** What the exercise asks **
Copy out the whole listing exactly as written, leaving the pictures behind.

** Data segment **
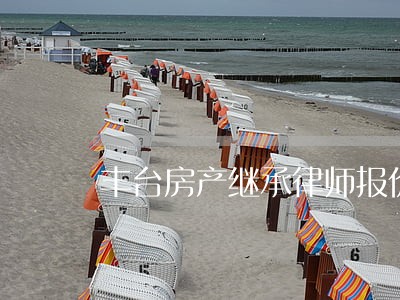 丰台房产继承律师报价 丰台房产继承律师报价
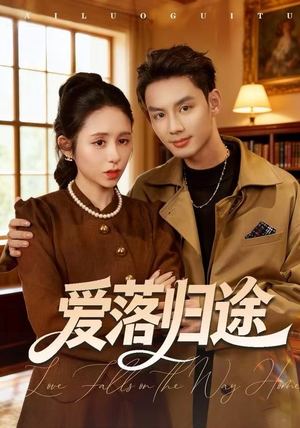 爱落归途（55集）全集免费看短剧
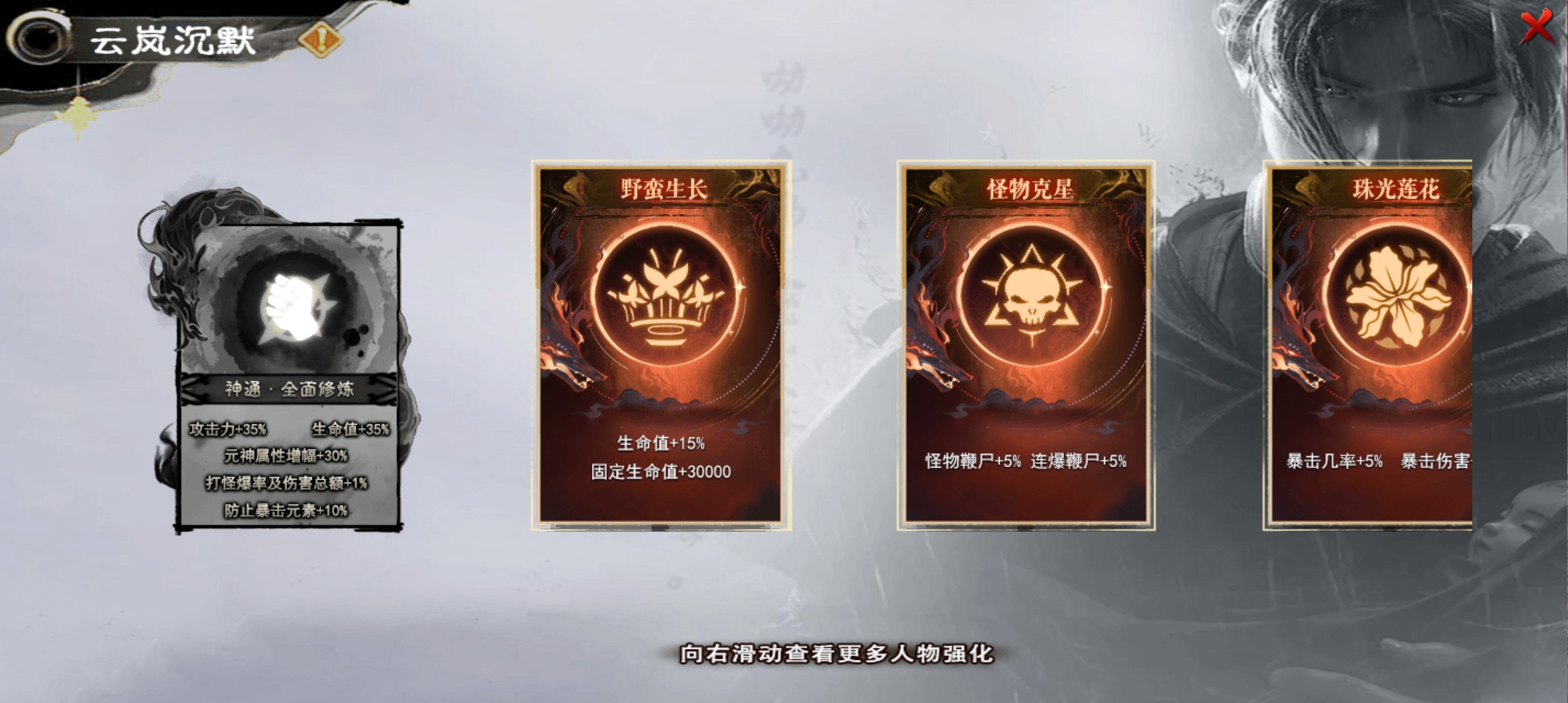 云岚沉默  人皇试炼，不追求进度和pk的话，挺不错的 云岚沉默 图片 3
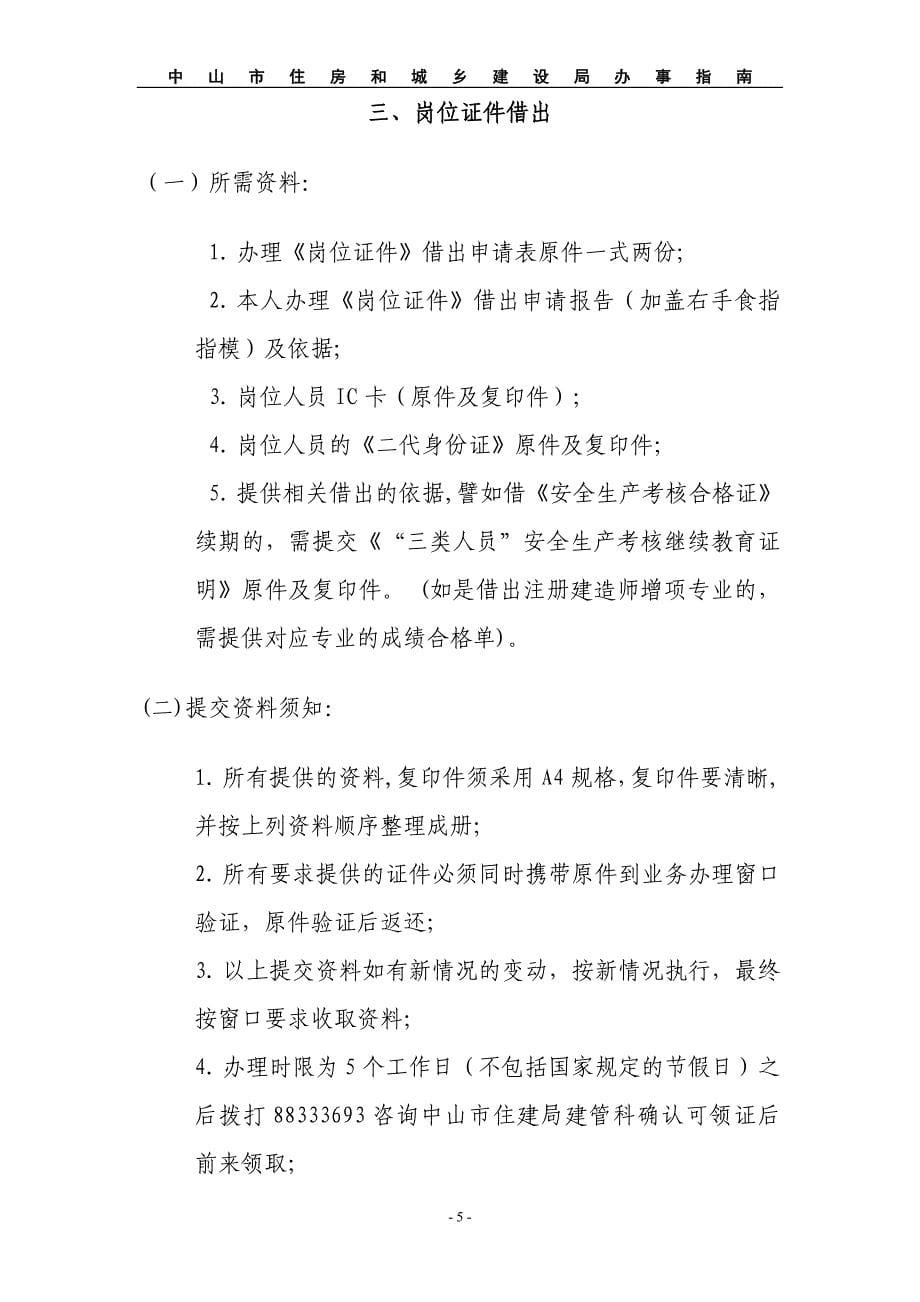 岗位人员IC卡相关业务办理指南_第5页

** Exercise answer **
 丰台房产继承律师报价 丰台房产继承律师报价
 爱落归途（55集）全集免费看短剧
 云岚沉默  人皇试炼，不追求进度和pk的话，挺不错的 云岚沉默 图片 3
 岗位人员IC卡相关业务办理指南_第5页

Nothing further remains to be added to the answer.